It’s been a while since I put my fingers on the key pad to do a blog post. It seems back and forths between LA and Stamford hardly merit a mention which is what we’ve been doing  lately. But the genesis for this trip actually came from a conversation in Bergen, Norway, in 2024, our last major journey, with Jay & Esta Feinsod, our perennial travel buddies. Our Ponant cruise in the Norwegian fjiords had ended, and of course Ponant was trying to entice us on yet another journey for two couples who aren’t big cruisers. But the Feinsod’s 60th anniversary was coming up in 2025 and the discount would only happen if we committed while still on board, so we settled on a Ponant cruise on a sailing ship along the coast of Corsica. Betsey had always wanted to go to Corsica but not drive on their windy roads. Hence, this cruise was the solution.


Beyond the cruise as the raison d’etre of the trip, we went our separate ways. For the Feinsod’s who had never been to Sicily, that was their option. For the Selkowitz’s it would be Paris, Provence, and Nice where we would rendezvous with the Feinsod’s and board our boat.


Paris

Traffic is the boa constrictor of so many cities. After a smooth flight we creeped for two

hours into Paris during rush hour, past graffiti-scarred noise-barrier walls, to our hotel—Saint Andre des Artes on the left bank.  In our search for the perfect Paris hotel we have rarely if ever stayed in the same hotel twice. No surprise, our room wasn’t ready at 10:30am so we headed out for a neighborhood walk which took us to the Musee D’Orsay. This is my favorite museum in Paris, a triumph of re-invention. The once-train station was teeming with visitors, making it challenging to appreciate the masterpieces inside. We headed back to our hotel to wait for the room to be ready falling asleep on our feet.
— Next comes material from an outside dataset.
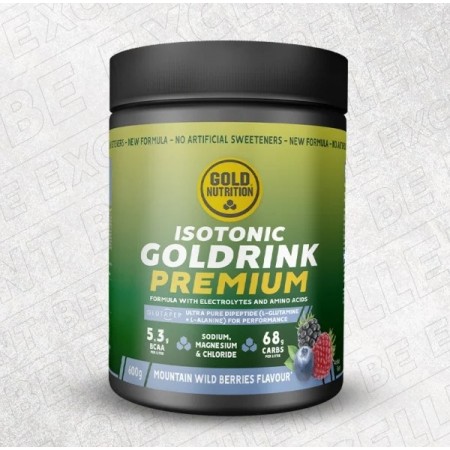 Izotonic GoldNutrition cu aminoacizi Goldrink Premium fructe de padure 600 g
As it turns out this hotel gets good marks (thanks Celestielle). The room is a decent size for Paris, has good lighting and closet/drawer space, and, most important, a very good shower. We had a nap and shower and headed to dinner at La Maison du Jardin. It was delicious and the walk back to the hotel reminded us how beautiful this city is and how full of nightlife activity, at least here on the Left Bank.


Our first full day in Paris was chock full of activity. First, a comment on what seems different since our last visit, a long eight years ago. Paris has become a bicycle city which has both positive and negative implications. I recalled that the Mayor wanted to make Paris a very bicycle-friendly city, and she has. There are bike lanes and tons of bikers. The bad news is the French are crazy bike riders. They race down the streets with abandon, often endangering anyone who happens to be in the way. I think it’s worse than NYC., It’s a shame because it gives bikers and biking a bad name.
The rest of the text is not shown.